*** Material provided ***

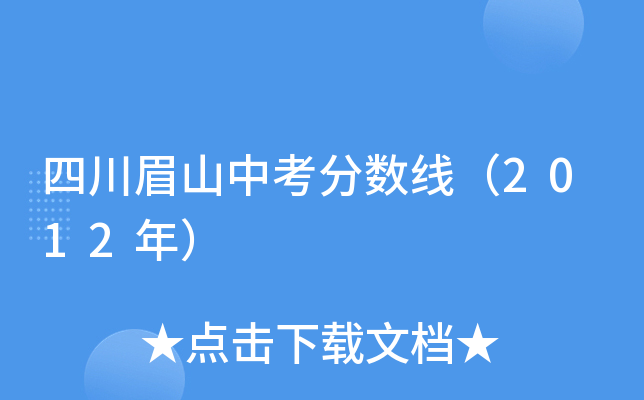樂山技術職業技術學校_樂山外國語學校招生線_2023年樂山職業技術學校錄取分數線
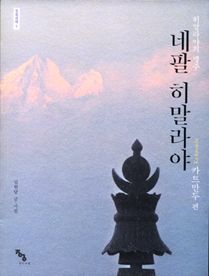 네팔 히말라야 카트만두 편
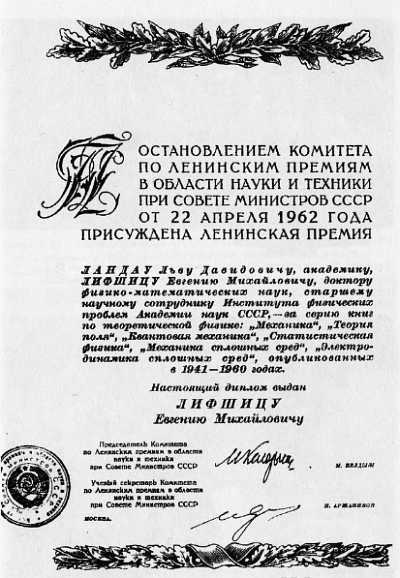 Круг Ландау - _32.jpg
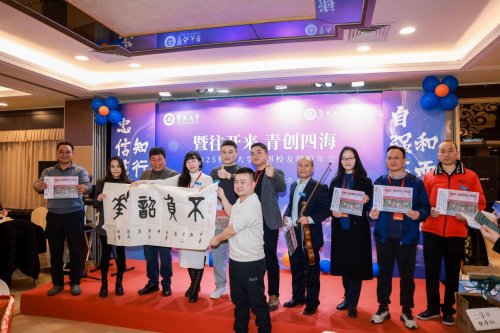 校友赞助礼品颁奖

*** End of Material provided ***

*What needs to be done:* Each line of the data should be quoted exactly, with pictures left out.

*The answer:*
樂山技術職業技術學校_樂山外國語學校招生線_2023年樂山職業技術學校錄取分數線
 네팔 히말라야 카트만두 편
 Круг Ландау - _32.jpg
 校友赞助礼品颁奖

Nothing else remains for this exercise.